Concept explained simply
Business logic is the set of clear, testable rules that transform raw data into meaningful outputs. In ETL/ELT, it lives in your transformations: SQL models, Spark jobs, or stored procedures that standardize definitions (e.g., “MRR”, “active user”, “churned customer”).
Mental model
Think in three layers:
- Inputs: clean, modeled sources (staging tables with standardized types and names).
- Rules: deterministic transformations that encode definitions. These should be idempotent and version-controlled.
- Checks: assertions that confirm the rules worked (row counts, referential integrity, boundary checks).
If you can re-run the pipeline and get the same result, your logic is likely correct and reproducible.
Core patterns and rules
1) Deduplication and latest-record selection
Often multiple rows represent the same business entity.
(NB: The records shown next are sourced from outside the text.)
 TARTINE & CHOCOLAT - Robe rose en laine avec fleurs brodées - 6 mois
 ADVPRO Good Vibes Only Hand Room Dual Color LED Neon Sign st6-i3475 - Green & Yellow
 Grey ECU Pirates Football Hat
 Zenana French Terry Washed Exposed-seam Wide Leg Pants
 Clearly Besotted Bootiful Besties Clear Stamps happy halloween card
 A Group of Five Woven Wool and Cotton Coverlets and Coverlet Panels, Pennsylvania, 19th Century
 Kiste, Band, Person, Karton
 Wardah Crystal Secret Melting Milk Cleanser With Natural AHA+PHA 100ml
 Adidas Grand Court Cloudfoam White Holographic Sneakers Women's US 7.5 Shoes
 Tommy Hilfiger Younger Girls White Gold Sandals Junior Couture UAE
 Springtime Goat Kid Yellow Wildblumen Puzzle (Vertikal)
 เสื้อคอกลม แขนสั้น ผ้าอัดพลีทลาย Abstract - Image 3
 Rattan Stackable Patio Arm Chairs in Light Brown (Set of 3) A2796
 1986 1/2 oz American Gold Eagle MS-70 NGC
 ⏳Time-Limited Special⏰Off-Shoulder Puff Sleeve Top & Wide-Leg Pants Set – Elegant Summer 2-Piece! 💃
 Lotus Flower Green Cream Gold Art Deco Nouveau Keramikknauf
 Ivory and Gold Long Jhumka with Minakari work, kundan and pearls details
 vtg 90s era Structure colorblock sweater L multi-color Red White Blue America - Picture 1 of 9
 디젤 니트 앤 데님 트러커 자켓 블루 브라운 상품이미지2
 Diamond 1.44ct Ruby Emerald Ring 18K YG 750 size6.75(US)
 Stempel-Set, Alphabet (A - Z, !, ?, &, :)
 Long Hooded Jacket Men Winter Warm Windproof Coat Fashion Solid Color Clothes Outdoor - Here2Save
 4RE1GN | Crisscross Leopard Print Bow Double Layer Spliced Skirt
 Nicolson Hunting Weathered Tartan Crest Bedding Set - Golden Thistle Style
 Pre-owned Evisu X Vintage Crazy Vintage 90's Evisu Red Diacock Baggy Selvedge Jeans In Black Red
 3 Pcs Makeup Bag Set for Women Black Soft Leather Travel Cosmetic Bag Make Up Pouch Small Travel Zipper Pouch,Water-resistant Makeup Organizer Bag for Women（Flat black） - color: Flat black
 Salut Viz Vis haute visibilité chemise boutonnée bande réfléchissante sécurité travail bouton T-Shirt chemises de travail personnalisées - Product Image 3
Choose a business key and pick the latest by a trustable timestamp or version.
-- Latest record per business key using a window
WITH ranked AS (
SELECT *,
ROW_NUMBER() OVER (PARTITION BY customer_id ORDER BY updated_at DESC, _ingested_at DESC) AS rn
FROM stg_customers
)
SELECT * FROM ranked WHERE rn = 1;
Notes: break ties deterministically; prefer server-side timestamps; add a tiebreaker like ingestion time.
2) Slowly Changing Dimension (Type 2)
Keep full history of attribute changes with effective date ranges and a current flag.
-- Conceptual merge for SCD2
-- Keys: product_id; Attributes: price
-- Columns: effective_start, effective_end, is_current
-- New record starts when price changes; close previous record the day before.
3) Idempotency and late-arriving data
Idempotency: running the job twice yields the same outcome.
- Use deterministic upserts keyed by business keys + effective timestamps.
- Handle late-arriving facts by re-computing affected windows or using as-of joins.
4) Aggregations and calendars
Aggregations must align with a calendar: day, week, month, fiscal periods.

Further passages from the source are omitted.